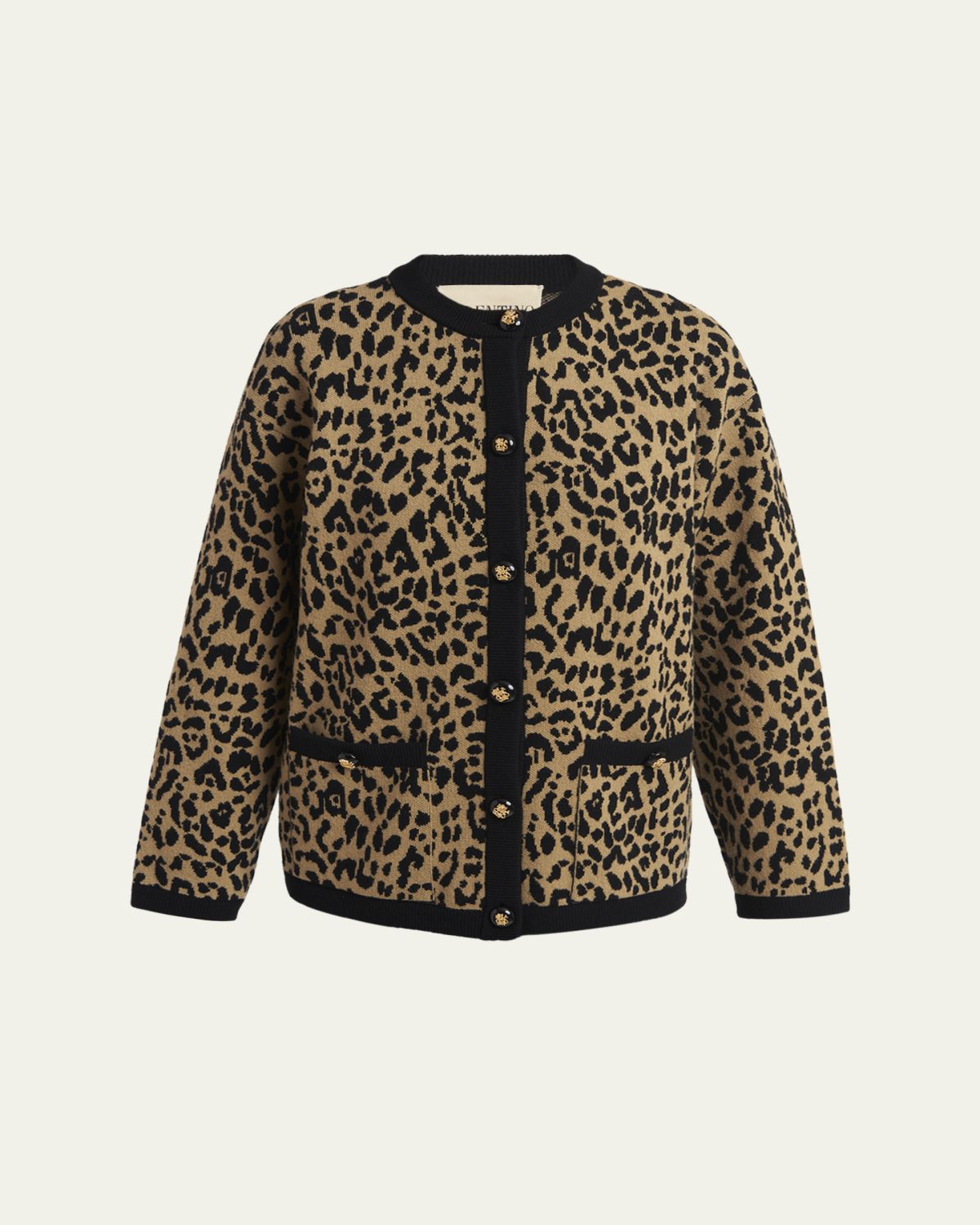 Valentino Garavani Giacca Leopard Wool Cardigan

++++++

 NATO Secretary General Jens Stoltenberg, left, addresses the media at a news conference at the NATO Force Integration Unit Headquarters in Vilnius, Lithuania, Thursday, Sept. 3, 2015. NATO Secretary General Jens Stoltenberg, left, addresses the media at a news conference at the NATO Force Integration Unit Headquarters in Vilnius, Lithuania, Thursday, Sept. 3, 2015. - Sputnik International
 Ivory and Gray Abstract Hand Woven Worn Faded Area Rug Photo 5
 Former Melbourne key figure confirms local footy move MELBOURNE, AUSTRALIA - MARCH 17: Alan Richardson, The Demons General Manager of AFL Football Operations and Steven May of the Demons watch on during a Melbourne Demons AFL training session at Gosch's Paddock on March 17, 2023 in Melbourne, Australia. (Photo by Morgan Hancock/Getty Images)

++++++

◆ What to produce ◆
Note how many lines in the data above have the string "General" in them, and give that number by itself.

◆ Response ◆
2